There are people who need to be housed, and shortages in key professions for one reason and one reason alone, a shortage of money in these fields. It is, or should be, the responsibility of the government to plug this gap, not by resorting to borrowing at interest from the banks, which simply creates more debt, or by raising taxes, which not only robs the public of purchasing power but decreases investment. The government should use its prerogative to create the credit necessary for public works, not by “printing money” but by responsible credit creation, or even by the utilisation of local currencies, LETS schemes, and so on.
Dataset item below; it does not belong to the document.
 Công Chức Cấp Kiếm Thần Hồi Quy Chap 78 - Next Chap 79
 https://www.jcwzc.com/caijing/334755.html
What though of those sectors of industry where there is no shortage of labour? The problem here, if it can be called a problem, is not unemployment or underemployment, but of the success of technology, because it is technology and innovation, including mass production, that destroys jobs, in particular jobs that are not worth saving.

To take just one example, writing in the 18 April ’92 issue of the New Scientist, Alec Broers pointed out that “IN THE 1950s, an electronic circuit that could store a single ‘bit’ of information cost more than £1. Today, a penny will buy 5,000 of them.”

To put that in layman’s terms, consider the following: the September 1991 issue of Computer Shopper contained an advertisement for a machine described as a “PRICE BREAKTHROUGH”, a Tandon portable with 12 months on-site maintenance, 386, 16/8 Mhz Processor and 40Mb hard drive for one thousand one hundred and ninety-nine pounds.

Yes, a 40Mb hard drive. And no Internet!

Add another two decades of technology to that equation, and where are we now? A 40Mb hard drive is to a modern desktop PC what a horse and cart is to a jumbo jet.

Clearly, most industries have not experienced the exponential leaps that has computing, but the fact remains that more and more consumer goods, capital goods, and foodstuffs etc, can be and are being produced with fewer and fewer hands. Once we recognise this, and just as importantly recognise it as desirable, it becomes clear that the real problem is not to create make-work jobs but to distribute purchasing power. That means not only for us in the West but for the entire world.

Britain and most especially Greece are now standing at a crossroads; we can choose between financial slavery: continuing to shell out more and more money to the banksters paid for by cuts in public services and confiscatory increases in taxation, or we can tell them to stuff their New World Order, and begin to create a genuine New World Order of our own. Which means the people of Britain, the people of Greece, and the broad mass of people everywhere – working class, middle class and business people - must say no to more taxpayer funded bail outs, and if that means defaulting on a global scale, so be it. The alternative is financial and even literal slavery as well as unnecessary hardship for the people who actually produce the wealth of nations, which does not include the moneychangers in their gold-plated ivory towers.